What makes the prospect of a Trump presidency even more threatening is that Trump has pledged to pardon the insurrectionists who aided his attempt to overthrow our democracy in 2021. 

For all the unsupported right-wing claims about President Biden protecting Hunter Biden, Biden has done nothing to interfere with the Justice Department’s investigation of his son. Trump, on the other hand, might abuse the power of the presidency to shut down both of his federal criminal cases. And in the unlikely event that he is convicted in one of his federal cases before January 2025, Trump has already indicated that he believes he has the power to pardon himself

I don’t know how many times I can say this is not normal, but it must be said.
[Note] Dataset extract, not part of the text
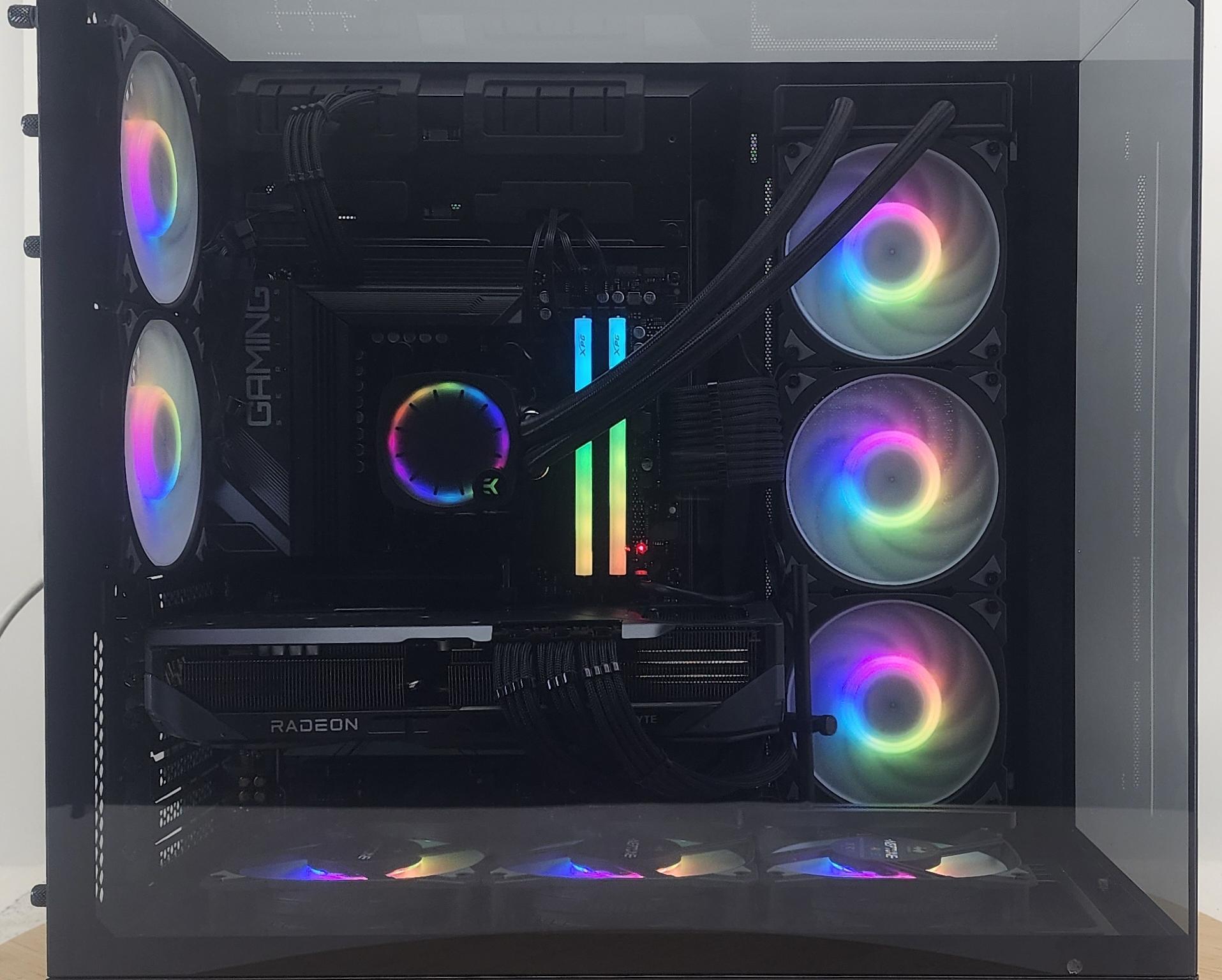 Gaming PC Ryzen 7 9800X3D 32GB RAM 2TB SSD RX 7900 XTX 24GB Windows 11 Computer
I’ve worked in politics for 40 years and have studied and taught political science since college. I know from 250 years of history that America has survived crooked presidents and incompetent presidents. We’ve had racist presidents and slave-owning presidents. But we’ve never had a president who obstructed the peaceful transfer of power. And we’ve never elected a president who had just been convicted of a crime.

Some people may not remember the chaos of Trump’s first term in office, but I do. I covered him for five years as a political commentator for CNN. I read his disturbing midnight tweets, watched his belligerent press conferences, witnessed the tear gassing of peaceful protesters, called out his mishandling of the COVID-19 crisis, and resisted his attacks on Black people

Trump was unhinged his first time in office, but his worst impulses were constrained by a small group of people who knew better. Now, with a criminal conviction under his belt and nothing to lose, there will be no constraints.